Looks like I need to check those caliper pins whenever I have time. I assume you didn't take the pads out when you removing the caliper pins? Do you need to push the pads back a little to remove the pins? If we need to push back the pads, we might need to turn the piston for the rear one to put the pads back?
 
Hi,
Can some one tell me if these brake pins needs to be lubed every year? Would it be safe to lube every 2 years? Thanks
 
Hi,
Can some one tell me if these brake pins needs to be lubed every year? Would it be safe to lube every 2 years? Thanks

Once they are properly lubed with synthetic lube, you are good until the brakes need to be replaced.
 
Rubbish somebody's post? I don't know how I could have got the truth across more politely without "rubbishing" your post. That's a very British word that is not used very commonly here so maybe I don't understand the finer shades of it's meaning.



Under hard braking there is considerably more braking force on the front wheels (the chart posted by piotek doesn't illustrate this fact) so driving style differences will wear the fronts and rears out at different rates.

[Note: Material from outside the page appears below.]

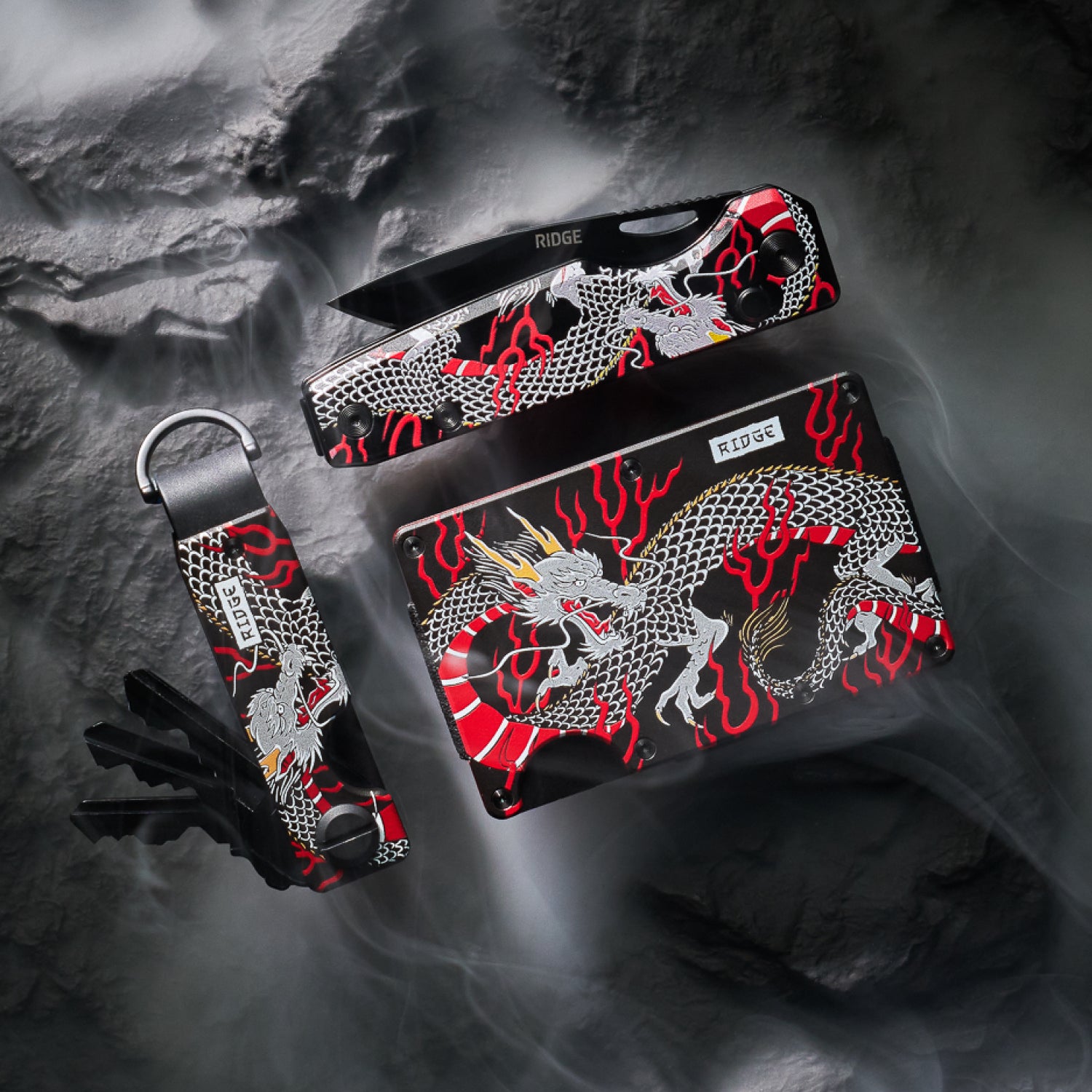 Daily Survival Kit - Ryu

Brake dust deposits on the wheels is probably not an accurate indicator of the division of braking force between the front and rear wheels because the front and rear wheels have different airflow and the dust could travel in different directions. If the back of the vehicle is more lightly loaded than the front, the under-fairings are likely higher in the rear than the front. This would cause a low pressure area to develop under the rear of the vehicle which would tend to draw air through the wheels from the outside to the inside (and any brake dust present with it). On the other hand, there is likely a higher pressure under the front of the car which would push brake dust from the brakes through the wheel spokes.
Sometimes you make perfect sense, sometimes I can see what you are getting at and other times you talk utter piffle. It's OK to not know everything Mike.
 
I can't find my little tube of brake lube, I believe it was the Permatex Ultra Brake lube, the green stuff. Anyhow, I was searching around and many people on the internet have suggested to use silicone brake lube so as not the effect the rubber seals at all. I browsed Amazon and came across some Mazda Pure silicone Brake caliper lube, part #0000-77-XG3A. A little pricey but at least I know it's what mazda recommends to use so it should take all guess work out of the debate.
 
I can't find my little tube of brake lube, I believe it was the Permatex Ultra Brake lube, the green stuff. Anyhow, I was searching around and many people on the internet have suggested to use silicone brake lube so as not the effect the rubber seals at all. I browsed Amazon and came across some Mazda Pure silicone Brake caliper lube, part #0000-77-XG3A. A little pricey but at least I know it's what mazda recommends to use so it should take all guess work out of the debate.